Dr. Hossein Moiin, 56
Dr. Hossein Moiin has over 30 years of experience in the ICT sector. Dr. Moiin was Chief Technology, Innovation, and Strategy Officer for Nokia Mobile Networks from 2016 to 2018 where he was responsible for returning Nokia to profitability following the acquisition of the Alcatel Lucent wireless business and merging portfolios in a manner that minimized customer disruption. Dr. Moiin was also responsible for 5G and IoT, and for creating a roadmap from 4G networks encompassing technology and business models. Prior to that, Dr. Moiin was Chief Technology and Innovation Officer and a member of the Executive Board of Nokia from January 2012 to February 2016. Dr. Moiin also served in senior technology roles at British Telecom and T-Mobile.
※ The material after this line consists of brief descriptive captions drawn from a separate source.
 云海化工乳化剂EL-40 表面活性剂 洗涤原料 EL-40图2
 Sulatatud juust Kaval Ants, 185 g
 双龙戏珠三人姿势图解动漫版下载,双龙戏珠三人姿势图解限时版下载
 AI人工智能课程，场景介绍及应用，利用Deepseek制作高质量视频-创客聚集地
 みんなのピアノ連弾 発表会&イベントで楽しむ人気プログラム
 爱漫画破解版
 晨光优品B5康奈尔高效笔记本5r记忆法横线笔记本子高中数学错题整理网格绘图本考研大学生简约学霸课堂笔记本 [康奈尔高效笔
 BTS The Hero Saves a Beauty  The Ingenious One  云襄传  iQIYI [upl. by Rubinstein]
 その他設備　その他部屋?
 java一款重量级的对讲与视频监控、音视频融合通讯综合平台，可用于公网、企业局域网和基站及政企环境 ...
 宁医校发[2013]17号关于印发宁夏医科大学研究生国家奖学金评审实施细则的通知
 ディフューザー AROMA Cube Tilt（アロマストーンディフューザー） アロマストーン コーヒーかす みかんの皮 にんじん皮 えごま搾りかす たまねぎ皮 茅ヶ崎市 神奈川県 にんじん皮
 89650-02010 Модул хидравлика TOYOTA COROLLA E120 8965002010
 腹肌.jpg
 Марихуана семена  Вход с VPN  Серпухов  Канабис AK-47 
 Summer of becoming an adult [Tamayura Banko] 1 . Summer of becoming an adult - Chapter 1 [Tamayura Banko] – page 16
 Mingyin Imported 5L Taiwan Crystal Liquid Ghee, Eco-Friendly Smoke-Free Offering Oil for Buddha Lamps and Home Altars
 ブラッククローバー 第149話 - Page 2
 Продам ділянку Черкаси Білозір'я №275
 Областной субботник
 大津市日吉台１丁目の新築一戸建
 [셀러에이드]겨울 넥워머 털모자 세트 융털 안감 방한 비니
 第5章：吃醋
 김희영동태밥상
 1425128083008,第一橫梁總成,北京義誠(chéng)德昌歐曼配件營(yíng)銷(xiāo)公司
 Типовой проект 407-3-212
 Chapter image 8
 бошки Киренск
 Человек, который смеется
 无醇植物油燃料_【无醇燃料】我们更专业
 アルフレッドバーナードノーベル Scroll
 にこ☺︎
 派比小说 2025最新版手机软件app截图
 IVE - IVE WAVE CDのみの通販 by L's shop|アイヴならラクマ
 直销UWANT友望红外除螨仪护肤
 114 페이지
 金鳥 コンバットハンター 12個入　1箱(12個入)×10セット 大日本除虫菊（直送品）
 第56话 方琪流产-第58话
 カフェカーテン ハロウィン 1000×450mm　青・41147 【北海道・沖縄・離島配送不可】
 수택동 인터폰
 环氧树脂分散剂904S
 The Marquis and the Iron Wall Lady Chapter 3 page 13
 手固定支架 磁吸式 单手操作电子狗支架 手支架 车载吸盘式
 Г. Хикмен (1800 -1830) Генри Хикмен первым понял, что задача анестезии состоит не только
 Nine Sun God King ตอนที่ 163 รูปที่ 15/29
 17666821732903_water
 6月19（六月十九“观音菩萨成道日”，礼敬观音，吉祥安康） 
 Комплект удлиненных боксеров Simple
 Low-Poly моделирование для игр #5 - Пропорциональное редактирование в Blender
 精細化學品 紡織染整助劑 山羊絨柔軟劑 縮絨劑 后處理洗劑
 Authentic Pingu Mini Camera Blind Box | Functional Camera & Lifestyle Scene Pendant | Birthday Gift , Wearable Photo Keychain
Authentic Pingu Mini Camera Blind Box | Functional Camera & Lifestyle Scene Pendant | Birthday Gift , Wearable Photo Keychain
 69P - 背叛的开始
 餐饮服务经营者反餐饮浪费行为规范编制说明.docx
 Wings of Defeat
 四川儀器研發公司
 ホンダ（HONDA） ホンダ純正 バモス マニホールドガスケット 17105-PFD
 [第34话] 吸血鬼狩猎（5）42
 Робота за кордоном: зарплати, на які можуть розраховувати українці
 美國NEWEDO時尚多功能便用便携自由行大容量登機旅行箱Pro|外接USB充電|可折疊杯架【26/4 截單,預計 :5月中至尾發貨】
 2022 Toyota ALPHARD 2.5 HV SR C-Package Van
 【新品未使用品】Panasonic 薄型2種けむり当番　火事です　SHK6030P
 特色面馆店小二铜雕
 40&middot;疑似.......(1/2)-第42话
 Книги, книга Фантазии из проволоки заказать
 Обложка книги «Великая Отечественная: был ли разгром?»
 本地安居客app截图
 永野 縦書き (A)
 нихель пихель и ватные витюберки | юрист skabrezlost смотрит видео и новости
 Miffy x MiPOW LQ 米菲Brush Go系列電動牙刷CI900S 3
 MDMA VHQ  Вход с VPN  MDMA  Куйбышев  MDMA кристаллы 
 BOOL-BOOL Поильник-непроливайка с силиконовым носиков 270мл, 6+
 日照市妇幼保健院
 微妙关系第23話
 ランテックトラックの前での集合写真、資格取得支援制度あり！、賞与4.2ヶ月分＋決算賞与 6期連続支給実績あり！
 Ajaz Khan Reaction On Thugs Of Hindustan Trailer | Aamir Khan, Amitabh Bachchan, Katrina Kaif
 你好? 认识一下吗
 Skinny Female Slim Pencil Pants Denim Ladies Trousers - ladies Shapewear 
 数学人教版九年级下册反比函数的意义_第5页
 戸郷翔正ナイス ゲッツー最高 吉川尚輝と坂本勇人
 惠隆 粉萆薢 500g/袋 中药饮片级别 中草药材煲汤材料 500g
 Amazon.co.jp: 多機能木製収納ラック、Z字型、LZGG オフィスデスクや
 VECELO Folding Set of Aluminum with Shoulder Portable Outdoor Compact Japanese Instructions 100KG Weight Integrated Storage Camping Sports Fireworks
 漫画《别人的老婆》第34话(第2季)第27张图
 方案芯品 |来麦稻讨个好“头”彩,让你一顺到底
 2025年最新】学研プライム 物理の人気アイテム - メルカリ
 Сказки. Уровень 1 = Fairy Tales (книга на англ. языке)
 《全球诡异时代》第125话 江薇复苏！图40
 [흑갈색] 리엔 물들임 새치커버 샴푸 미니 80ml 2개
Dr. Moiin obtained his BS, MS and PhD degrees from the University of California, Santa Barbara, in Electrical and Computer Engineering.
Robert C. Davenport, 54
Mr. Davenport is Cerberus’ Head of Global Corporate Credit and Distressed Debt. Mr. Davenport is responsible for overseeing and managing Cerberus’ investments in stressed and distressed debt on a global basis. Mr. Davenport is also Chairman of the Corporate Credit Investment Committee. Since joining the firm in 1996, Mr. Davenport has played a significant role in building and establishing Cerberus’ core credit platform, which has invested approximately $30 billion across industries, geographies, and asset classes. In addition, Mr. Davenport has led the investment of multiple billions of capital per year during periods of market dislocation, such as the Asian Financial Crisis and the Great Financial Crisis. Mr. Davenport oversees a team of more than 25 dedicated investment professionals, who cover the United States, Europe, and emerging markets and have significant experience identifying and sourcing investment opportunities. During his tenure, Mr. Davenport has helped Cerberus develop new investment strategies that expand outside its core strategy of investing in stressed and distressed debt. Prior to Cerberus, Mr. Davenport was a principal at Vestar Capital Partners from 1990 to 1994, where he was responsible for identifying, analyzing and executing leveraged buyout opportunities. From 1988 to 1990, Mr. Davenport worked in the mergers and acquisitions group at Drexel Burnham. Mr. Davenport graduated from the University of California. Mr. Davenport is a member of the Board of Trustees for the Crossroads School for Arts and Sciences in Santa Monica, California.